Produce word for word the lines of the data below running from the one that has "This is a Lazy" to the one that has "This lesson will", inclusive, and no others.

Task input:
Start of Block

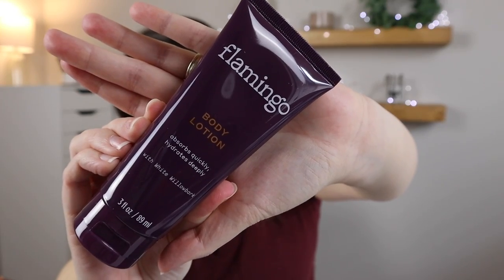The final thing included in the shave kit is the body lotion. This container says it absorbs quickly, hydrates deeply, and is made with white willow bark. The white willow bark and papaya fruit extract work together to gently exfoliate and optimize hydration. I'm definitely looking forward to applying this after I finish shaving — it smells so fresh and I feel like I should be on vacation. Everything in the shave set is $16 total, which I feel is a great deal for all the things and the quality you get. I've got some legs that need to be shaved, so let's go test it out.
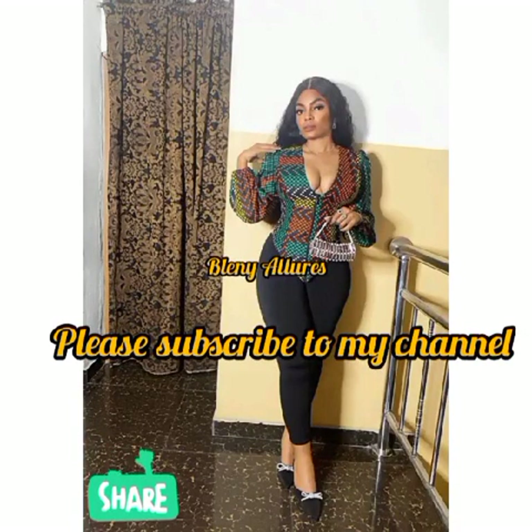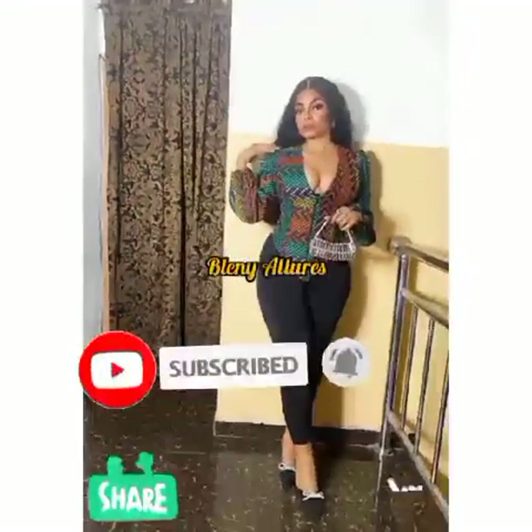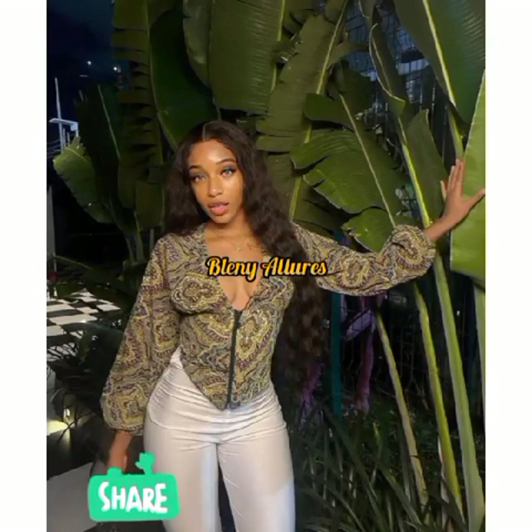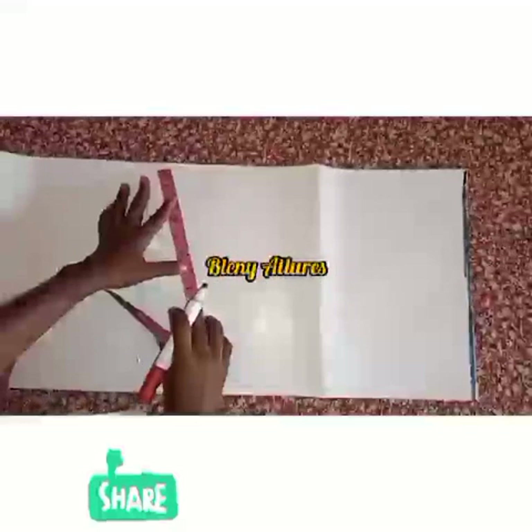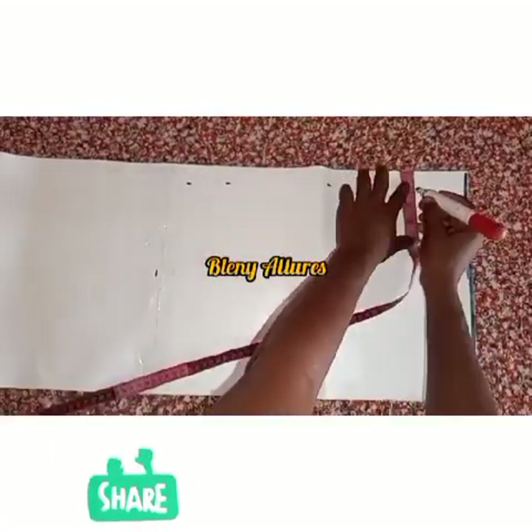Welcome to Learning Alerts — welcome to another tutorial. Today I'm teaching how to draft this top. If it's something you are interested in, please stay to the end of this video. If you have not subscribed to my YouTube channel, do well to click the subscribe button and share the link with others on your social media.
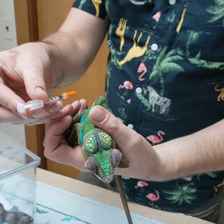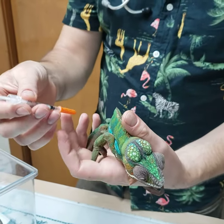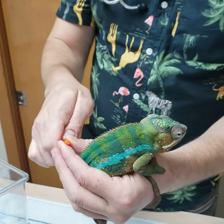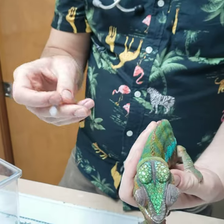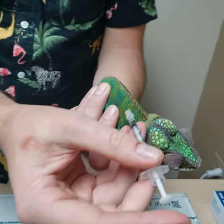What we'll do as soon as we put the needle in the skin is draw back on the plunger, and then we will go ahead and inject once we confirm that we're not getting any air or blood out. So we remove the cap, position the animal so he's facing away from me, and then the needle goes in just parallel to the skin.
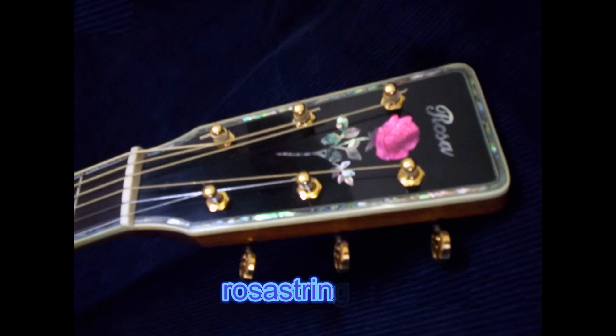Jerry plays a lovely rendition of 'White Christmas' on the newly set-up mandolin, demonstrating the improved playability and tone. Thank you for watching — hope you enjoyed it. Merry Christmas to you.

End of Block
Start of Block

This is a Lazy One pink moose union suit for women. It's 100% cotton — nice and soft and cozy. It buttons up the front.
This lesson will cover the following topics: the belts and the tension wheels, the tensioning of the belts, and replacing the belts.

End of Block

Answer below:
This is a Lazy One pink moose union suit for women. It's 100% cotton — nice and soft and cozy. It buttons up the front.
This lesson will cover the following topics: the belts and the tension wheels, the tensioning of the belts, and replacing the belts.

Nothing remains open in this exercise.